Your goal. An exact reproduction of all the data is needed, with no images in it.

Records shown.

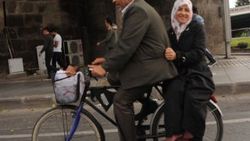 Kayseri'de 3 aylık bebeği bisikletin sepetinde taşıdılar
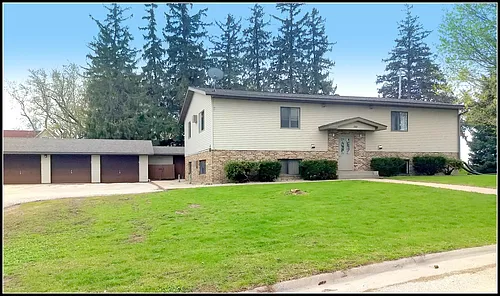 1302 Laurel Dr Photo 1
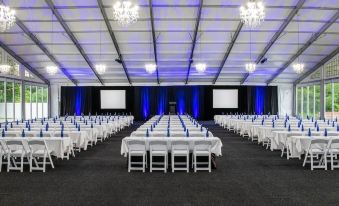 Woodcliff Hotel and Spa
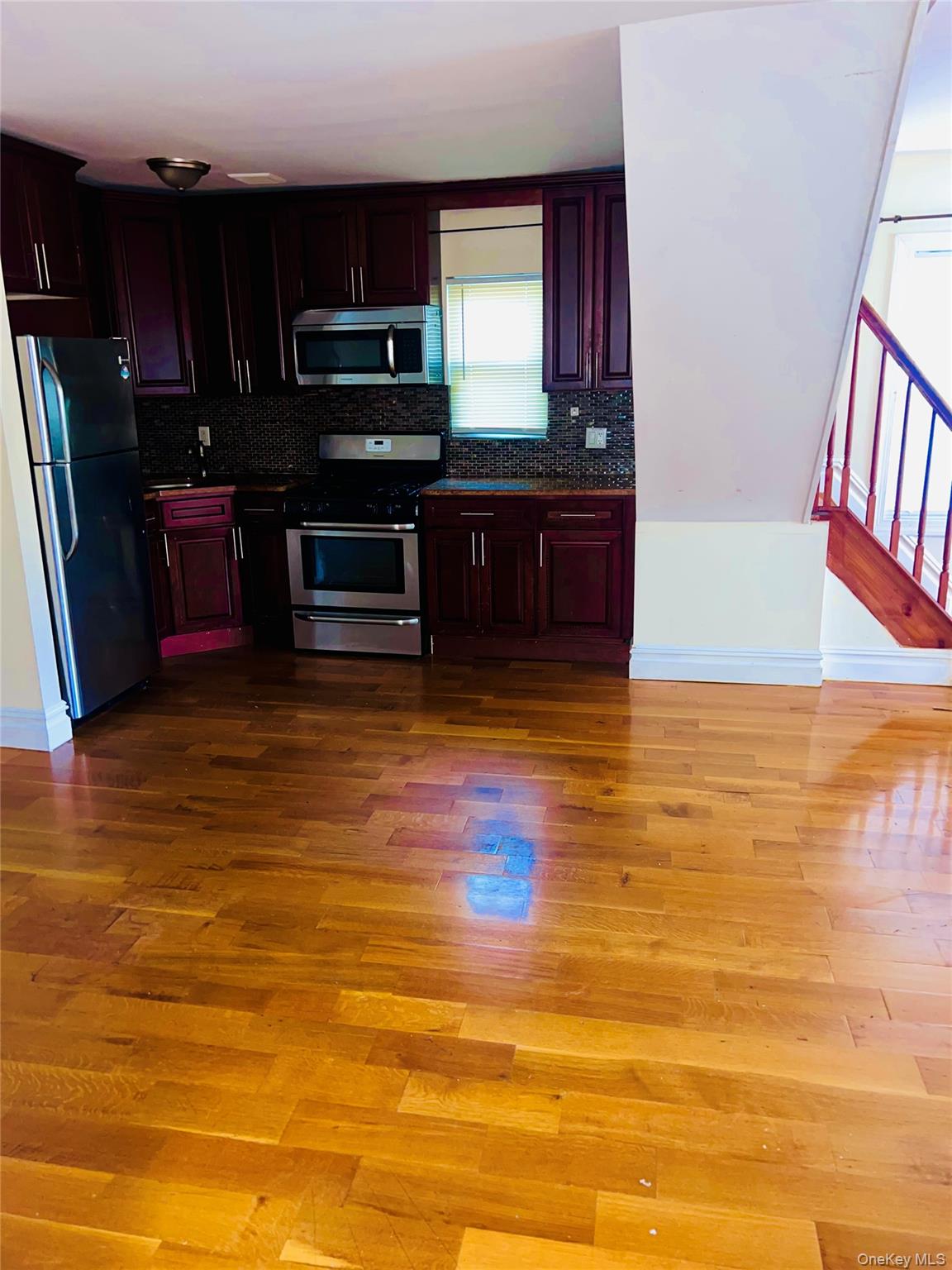 190-60 111th Avenue – For Rent photo 4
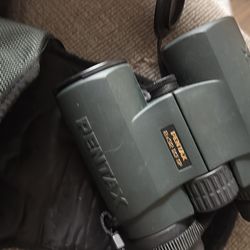 PENTAX  binoculars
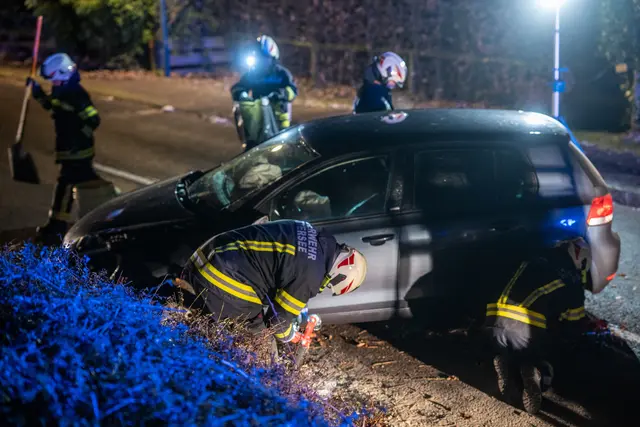 Der 18-jährige Besitzer des Unfallwagens zeigte den Vorfall später an. | Foto: TEAM FOTOKERSCHI / MATTHIAS KALTENLEITNER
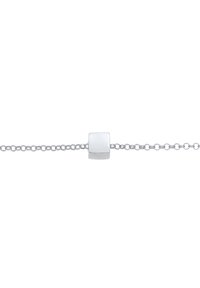 Bracciale in catena d'argento caratterizzato da un perla cubica centrale. La catena ha una texture liscia e fine con anelli equidistanti, che riflettono la luce.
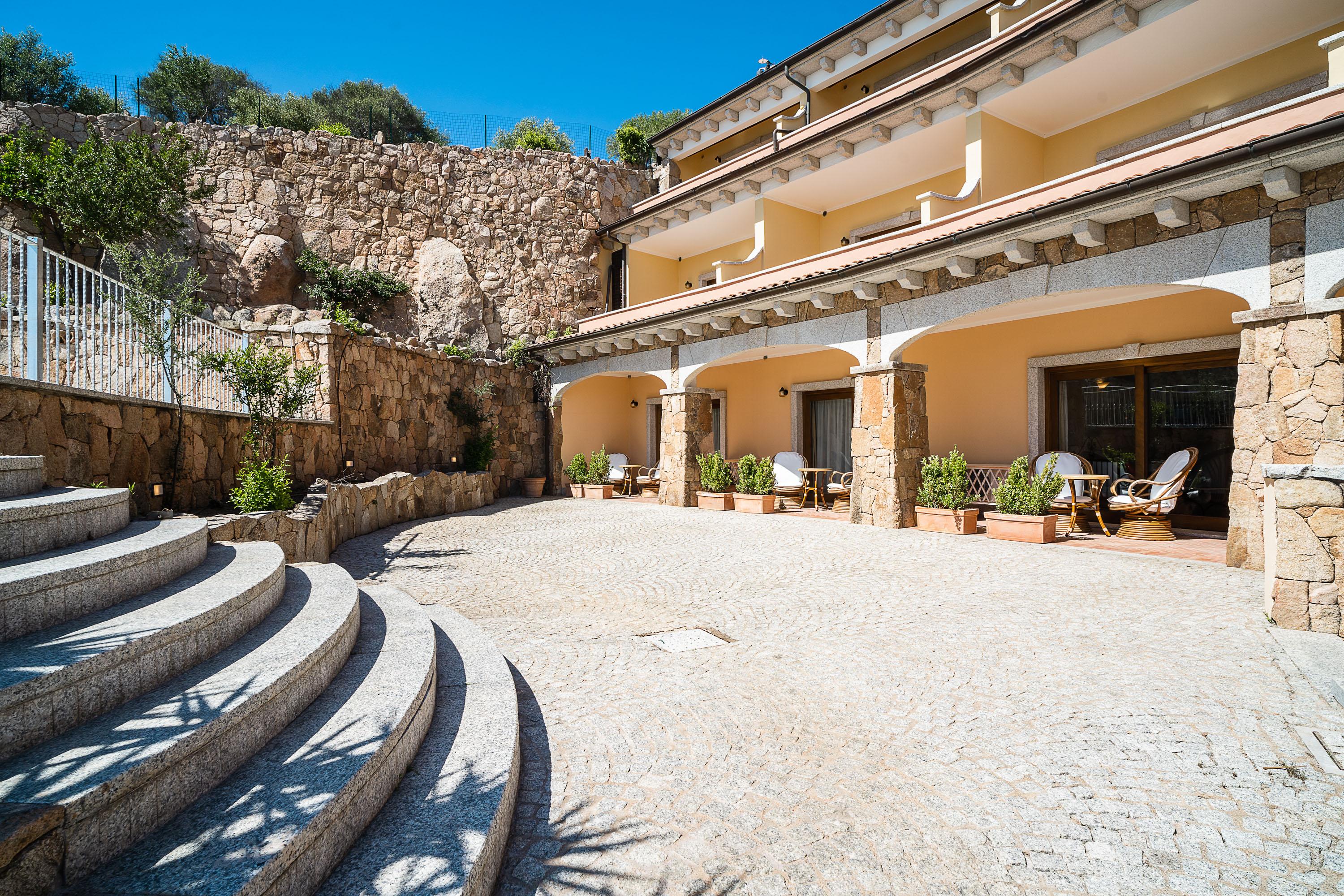 Lh Hotel Pozzo Sacro Olbia Buitenkant foto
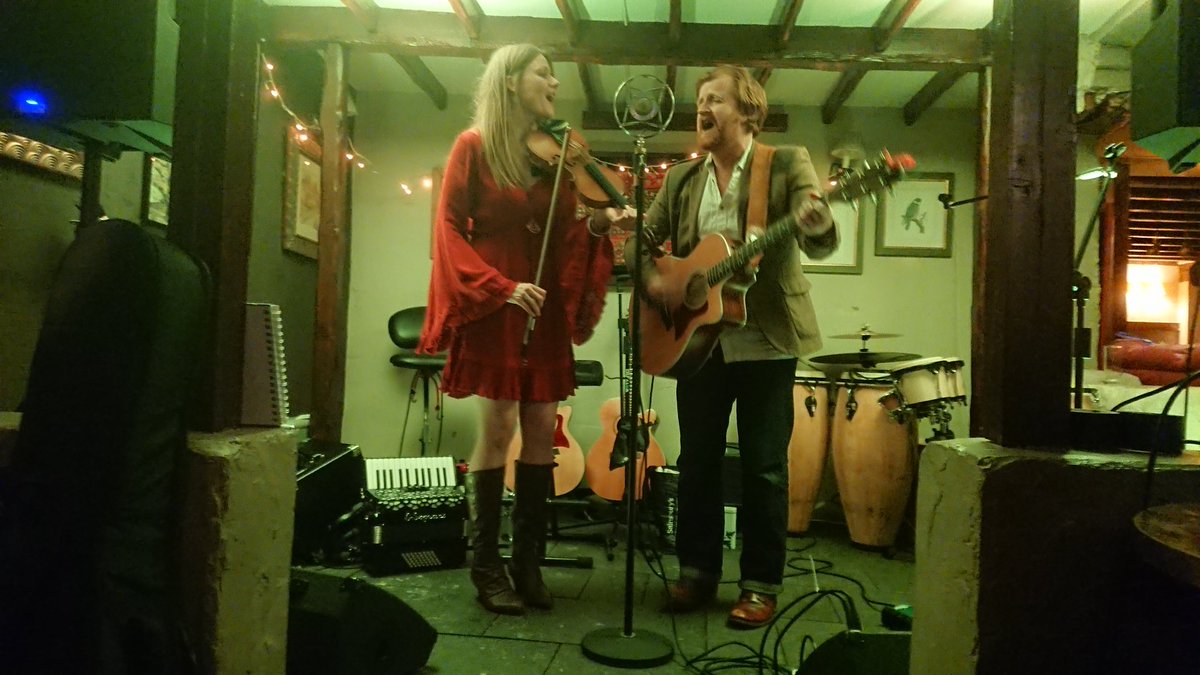 PerformersPints's tweet photo. @hannahandgriff aka Hannah Elizabeth and Griff Jameson currently on stage @RisingSunPotton for @PerformersPints, beautiful harmonies and lovely original songs from this folk duo from Bedford https://t.co/pWAuWnUvSz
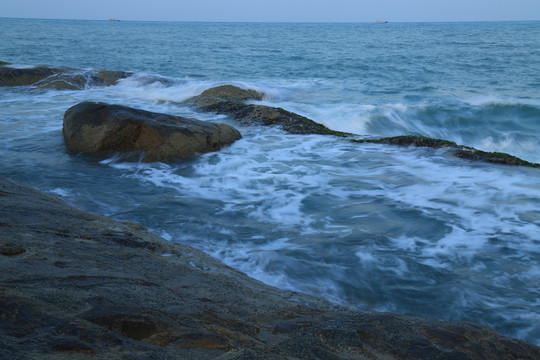 大海礁石浪花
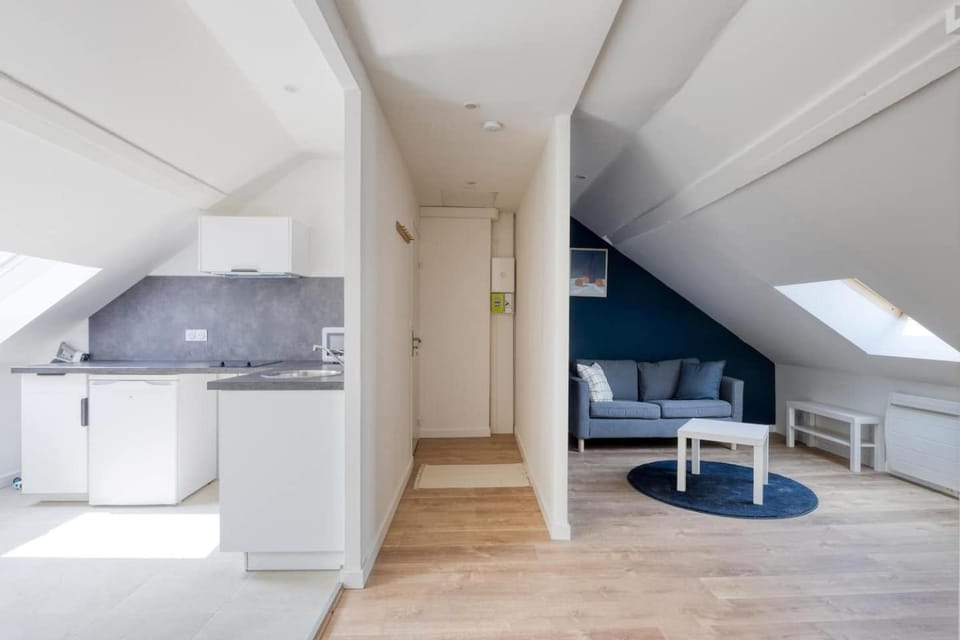 Kitchen or kitchenette, Living room, Seating area
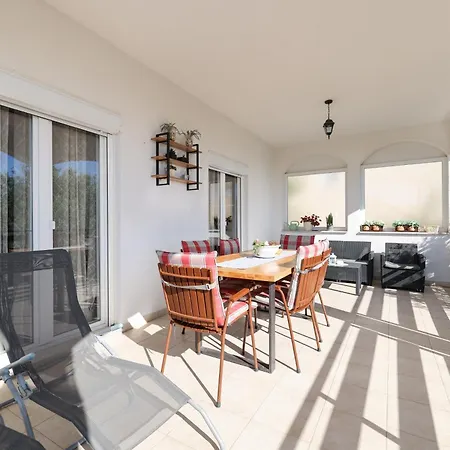 Διαμέρισμα Pantalon, Big Terrace And Free Parking *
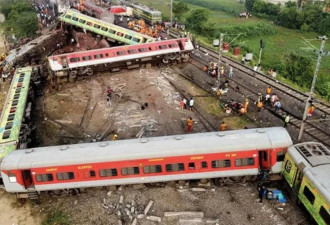 印度铁道部宣布：死者家属可获8.6万元赔偿金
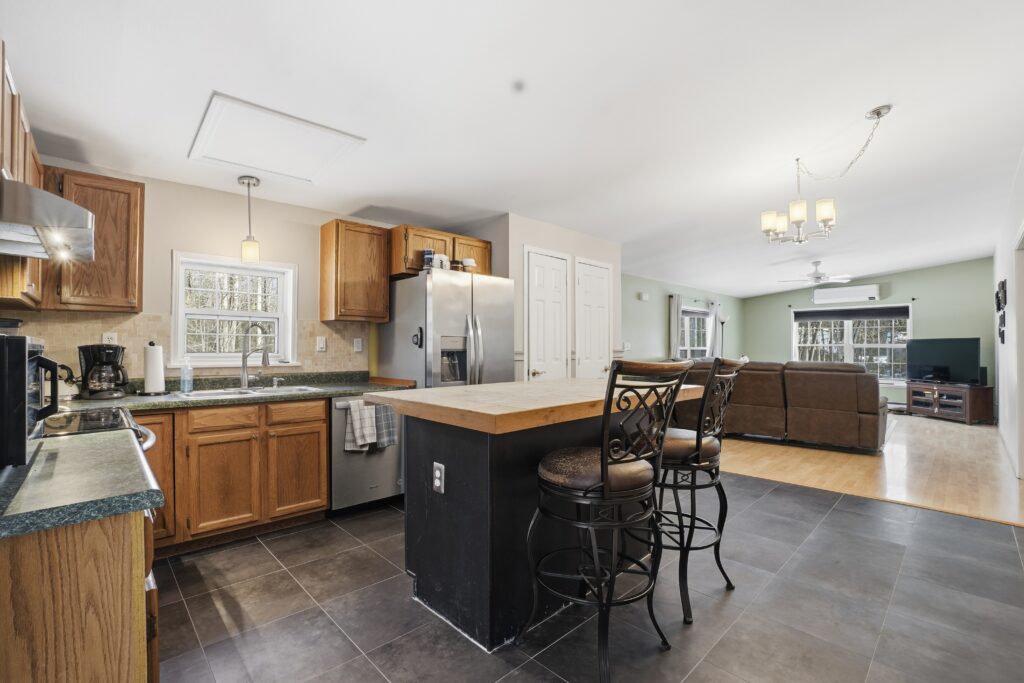 84 Morse Rd, Plymouth, ME 04969 – 015 – Kitchen 01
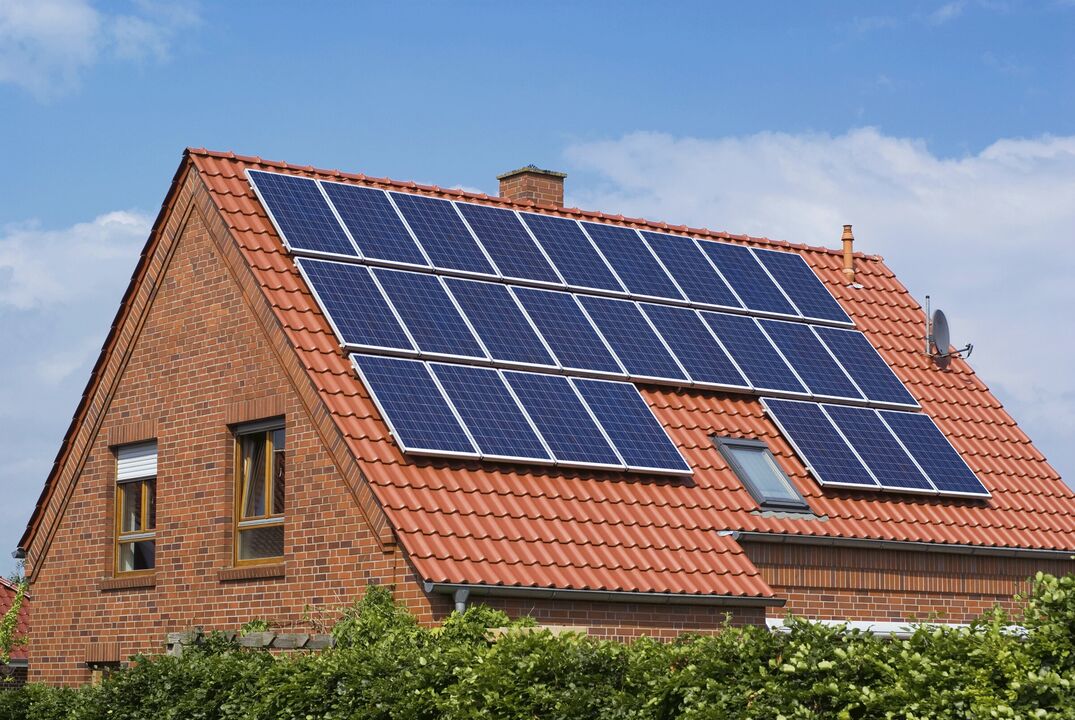 Placas solares para aforrar enerxía na casa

Written reply.
 Kayseri'de 3 aylık bebeği bisikletin sepetinde taşıdılar
 1302 Laurel Dr Photo 1
 Woodcliff Hotel and Spa
 190-60 111th Avenue – For Rent photo 4
 PENTAX  binoculars
 Der 18-jährige Besitzer des Unfallwagens zeigte den Vorfall später an. | Foto: TEAM FOTOKERSCHI / MATTHIAS KALTENLEITNER
 Bracciale in catena d'argento caratterizzato da un perla cubica centrale. La catena ha una texture liscia e fine con anelli equidistanti, che riflettono la luce.
 Lh Hotel Pozzo Sacro Olbia Buitenkant foto
 PerformersPints's tweet photo. @hannahandgriff aka Hannah Elizabeth and Griff Jameson currently on stage @RisingSunPotton for @PerformersPints, beautiful harmonies and lovely original songs from this folk duo from Bedford https://t.co/pWAuWnUvSz
 大海礁石浪花
 Kitchen or kitchenette, Living room, Seating area
 Διαμέρισμα Pantalon, Big Terrace And Free Parking *
 印度铁道部宣布：死者家属可获8.6万元赔偿金
 84 Morse Rd, Plymouth, ME 04969 – 015 – Kitchen 01
 Placas solares para aforrar enerxía na casa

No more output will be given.